The usual interpretation is that scripts glue together system commands that don't otherwise incorporate one another. This is tremendously useful and is by itself a huge advantage over GUIs.
But the second sense is that vast libraries of scripts keep developers bound to their previous UI promises. You don't capriciously change command-line options without raising all kinds of ire. I've seen GNU tools (tar comes to mind) in which options have been "deprecated" for decades, yet are still available. I seem to recall a very small number of cases where options had their senses entirely inverted, to much protest, and ultimately abandonment of those tools. In other cases you've got generations of programs which support backwards-compatible options with precursors: exim and postfix with sendmail, ssh with rsh, alpine with pine, off the top of my head. Developer headspace and script compatibility are valuable.
On that note, whilst I find the *BSD's extreme conservatism annoying myself, I can appreciate that it does lead to increased consistency over time as compared with GNU userland.
Want to know how to copy and paste quickly? It's Right There in the menu you found the action in. Don't know that yet? Alt + E (underlined in Edit) then some other key to jump to the action in the list, or you now see the list, abort the previous command sequence with Esc, and then start memorizing the new shortcut for Ctrl+c + Ctrl+v.
Doesn't work so well for GUIs, which was sort of the original point.

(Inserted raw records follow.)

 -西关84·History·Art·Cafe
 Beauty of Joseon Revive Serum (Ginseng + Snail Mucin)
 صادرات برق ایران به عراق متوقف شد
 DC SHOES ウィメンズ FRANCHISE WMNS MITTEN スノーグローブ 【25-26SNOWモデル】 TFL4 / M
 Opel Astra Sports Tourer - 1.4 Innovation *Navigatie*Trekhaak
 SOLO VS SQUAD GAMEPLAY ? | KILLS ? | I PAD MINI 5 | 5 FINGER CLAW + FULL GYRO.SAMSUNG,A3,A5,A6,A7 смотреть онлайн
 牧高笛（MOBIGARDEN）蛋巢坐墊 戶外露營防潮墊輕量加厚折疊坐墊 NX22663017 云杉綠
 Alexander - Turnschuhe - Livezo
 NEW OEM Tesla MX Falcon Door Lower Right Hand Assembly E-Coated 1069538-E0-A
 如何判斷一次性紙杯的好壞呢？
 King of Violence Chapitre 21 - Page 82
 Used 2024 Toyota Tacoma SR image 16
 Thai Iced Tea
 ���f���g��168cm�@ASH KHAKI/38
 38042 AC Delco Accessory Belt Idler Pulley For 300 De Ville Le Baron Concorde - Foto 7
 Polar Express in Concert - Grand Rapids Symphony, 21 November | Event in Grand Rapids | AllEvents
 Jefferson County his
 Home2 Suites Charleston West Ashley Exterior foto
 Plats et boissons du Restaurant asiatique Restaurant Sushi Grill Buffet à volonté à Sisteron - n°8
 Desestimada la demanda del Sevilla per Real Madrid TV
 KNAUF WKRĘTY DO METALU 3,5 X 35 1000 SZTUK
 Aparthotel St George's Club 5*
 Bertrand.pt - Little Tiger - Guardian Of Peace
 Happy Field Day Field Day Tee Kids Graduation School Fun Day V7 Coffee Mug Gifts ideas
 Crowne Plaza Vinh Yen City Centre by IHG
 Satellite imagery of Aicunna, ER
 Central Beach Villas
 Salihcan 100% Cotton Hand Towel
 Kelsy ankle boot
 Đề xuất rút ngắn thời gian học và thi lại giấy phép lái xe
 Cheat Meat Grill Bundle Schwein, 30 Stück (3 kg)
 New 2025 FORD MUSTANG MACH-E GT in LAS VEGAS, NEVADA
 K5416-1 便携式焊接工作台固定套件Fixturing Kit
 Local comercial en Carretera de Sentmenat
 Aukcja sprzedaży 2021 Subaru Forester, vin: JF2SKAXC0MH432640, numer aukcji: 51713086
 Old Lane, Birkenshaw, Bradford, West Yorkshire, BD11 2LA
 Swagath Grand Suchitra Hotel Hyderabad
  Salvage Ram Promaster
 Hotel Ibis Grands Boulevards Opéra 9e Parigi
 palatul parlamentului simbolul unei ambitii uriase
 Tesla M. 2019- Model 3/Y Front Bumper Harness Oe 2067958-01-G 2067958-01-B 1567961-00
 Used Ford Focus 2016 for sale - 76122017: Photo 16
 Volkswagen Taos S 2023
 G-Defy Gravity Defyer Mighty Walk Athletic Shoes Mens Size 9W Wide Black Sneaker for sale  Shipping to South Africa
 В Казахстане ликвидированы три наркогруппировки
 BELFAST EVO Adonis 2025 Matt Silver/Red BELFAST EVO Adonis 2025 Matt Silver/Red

I feel like it could be done if it was really a goal from day one, and there were things like "record this set of actions as a script" built into the toolkit. Even Applescript was still an afterthought, I think, albeit a very well supported one.
In the meantime, given the comprehensive failure of UI toolkits to support this style, it is completely fair for people to act and speak as if it doesn't exist.
If someone makes a GUI that does specifically what you want, you're in luck. If not, you're S.O.L.
With CLIs, you can almost always find some way to string things together to get what it is you want.
The hard case is working in domains which aren't inherently textual: graphics, audio, video, etc. Even there, you can often get much more accomplished from the terminal than you'd think, though setting up the process can be challenging at times. Not so useful for one-offs, but invaluable for repetitive processes.
To do that in a gui-centric fashion, the only tools we actually have are textual commands that direct gui action. essentially its a middleman step: if we are already writing our applescript lets say, we might as well just abrogate the actual commands that our applescript is trying to abrogate through the gui system.
As an aside, I think a great foundation for a GUI application is a "server" API that the GUI interacts with. You can automate a lot of testing this way and you can give power users the ability to automate workflows. Web apps are already built this way, but if you're making a standalone app you even have the privilege of making a very chatty API, which makes testing even easier.
An idea already implemented to varying degrees of success in places like BeOS, Haiku (operating system), and to a much lesser extent, AppleScript! You could also throw in the COM interop of Windows and OS/2.